**TASK PROMPT:**
I need the lines from the one containing "Çengelköy Tarihi Çınaraltı" through the last line of the entries retyped exactly, with no pictures among them.

[Records from a data source]
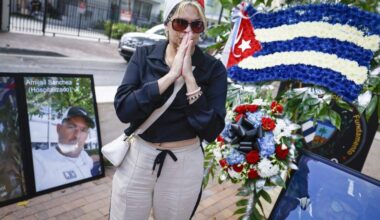 Legislature passes bill tying Florida to Cuba transition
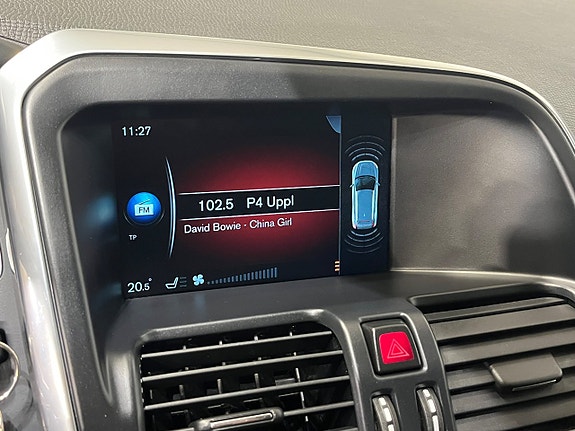 Volvo XC60 19 of 21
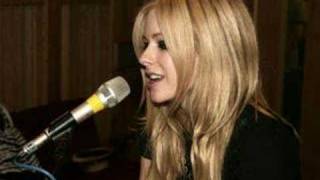 Avril Lavigne sings &#39;The Scientist&#39; by Coldplay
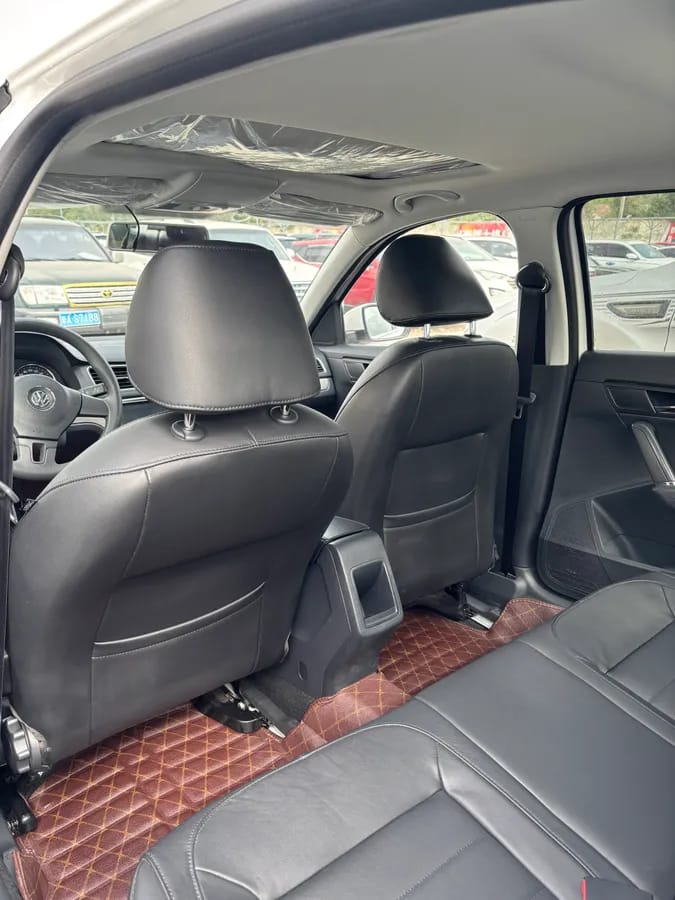 Volkswagen 2015 1.6L 7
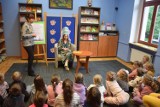 Cała Polska czyta dzieciom. W Miejskiej Bibliotece Publicznej w Żarach dorośli czytają przedszkolakom przez cały tydzień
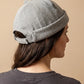 Bonnet docker Chaton beige porté par une femme, vue de dos sur la fermeture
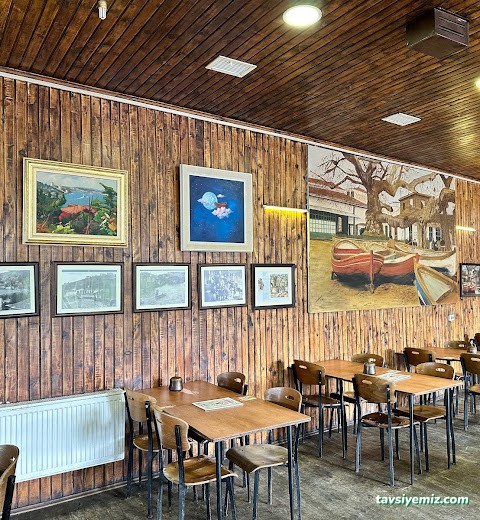 Çengelköy Tarihi Çınaraltı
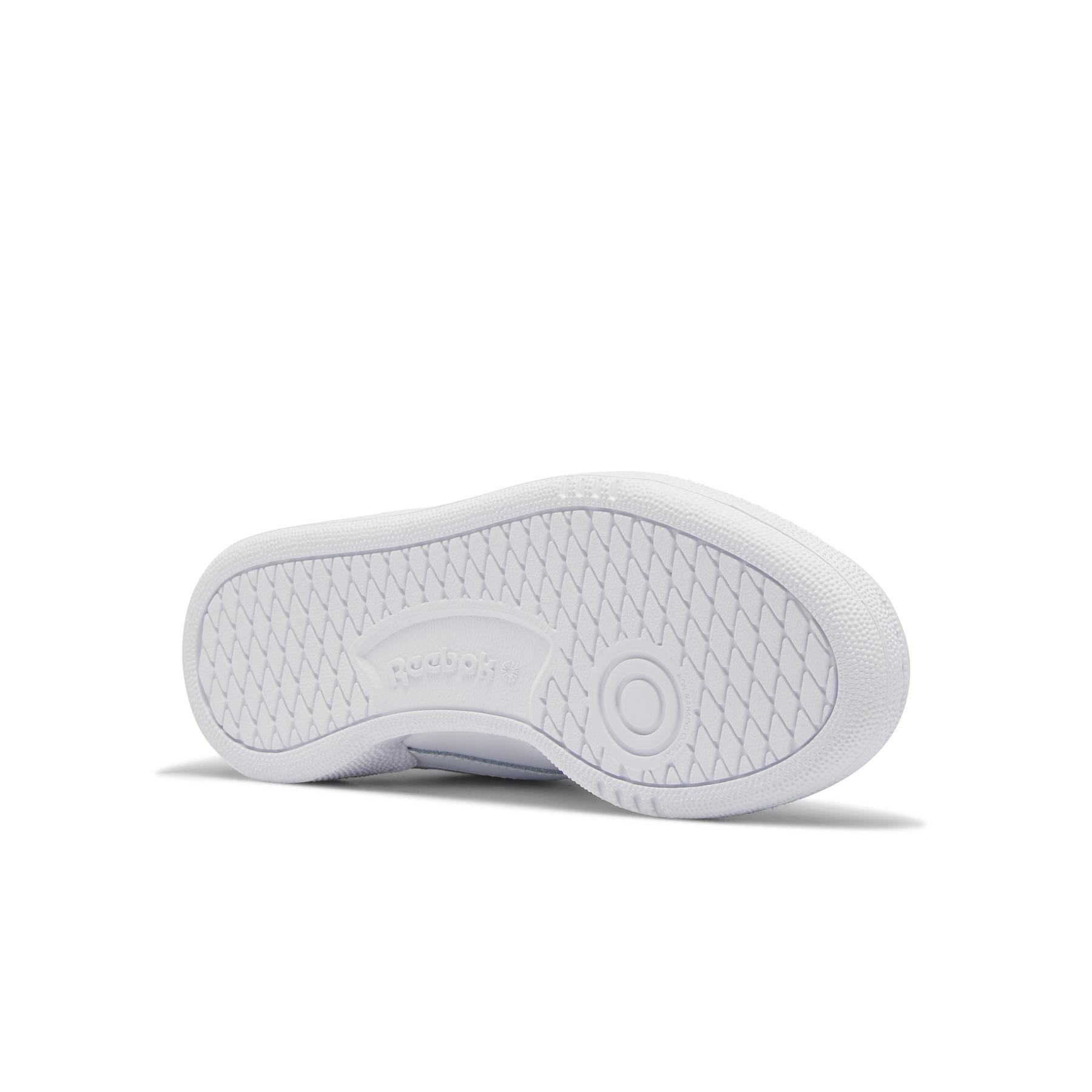 product/r/e/reebok-classics_gy9735_3_footwear_photography_bottom_view_white_000.jpg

**EXERCISE ANSWER:**
 Çengelköy Tarihi Çınaraltı
 product/r/e/reebok-classics_gy9735_3_footwear_photography_bottom_view_white_000.jpg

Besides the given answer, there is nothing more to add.